> _PROMPT_:
Your answer should be the full data, transcribed exactly, with no pictures in it.

> _RECORDED INFORMATION_:
/---

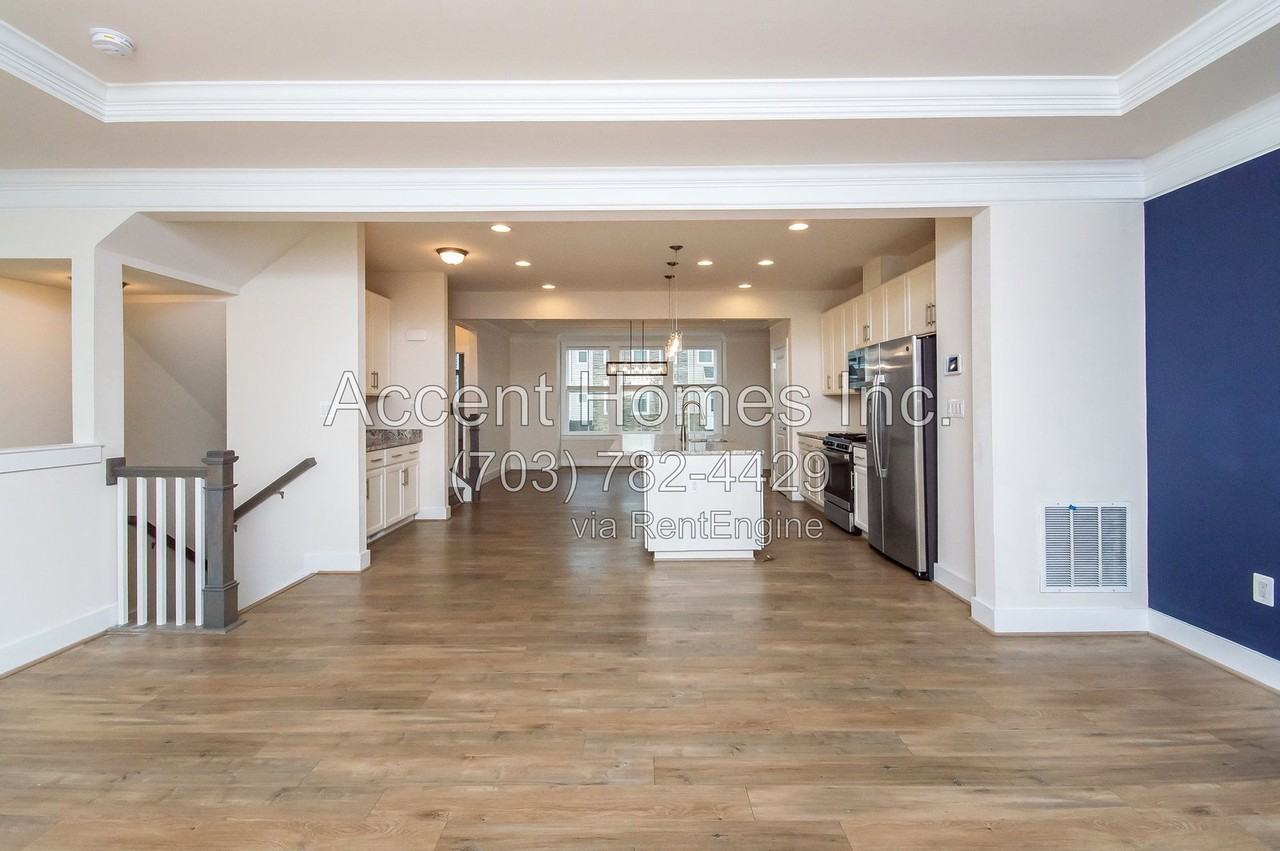 4734 Earl Flanagan Way - Photo 5 of 33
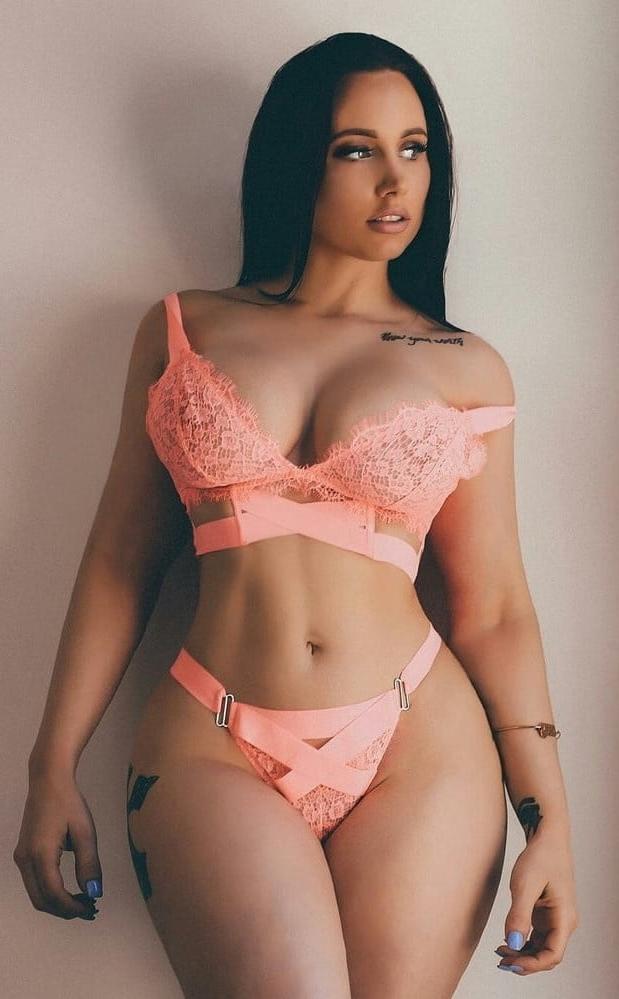 10P Curvy Vanilla Amateur 25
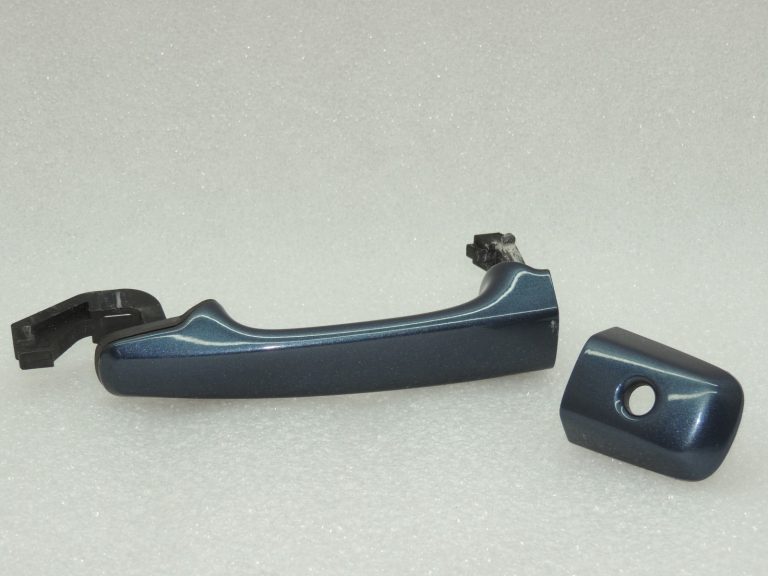 OEM Volvo S40 II ārējais priekšējo durvju kreisais rokturis BARENTA ZILS METĀLS 39879658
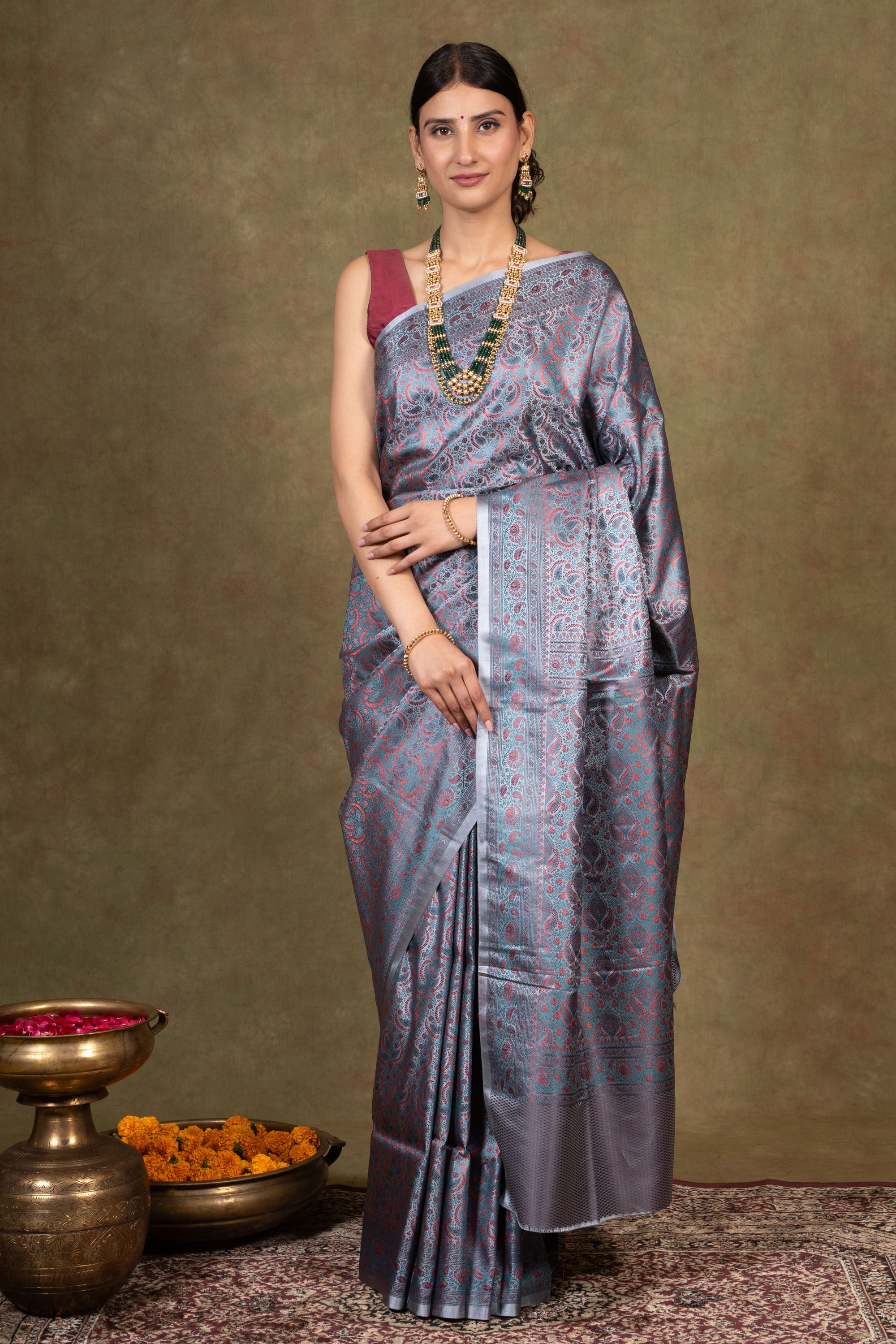 Dove Grey Jamewar Tanchoi Banarasi Silk Saree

\---

> _PROBLEM SOLUTION_:
 4734 Earl Flanagan Way - Photo 5 of 33
 10P Curvy Vanilla Amateur 25
 OEM Volvo S40 II ārējais priekšējo durvju kreisais rokturis BARENTA ZILS METĀLS 39879658
 Dove Grey Jamewar Tanchoi Banarasi Silk Saree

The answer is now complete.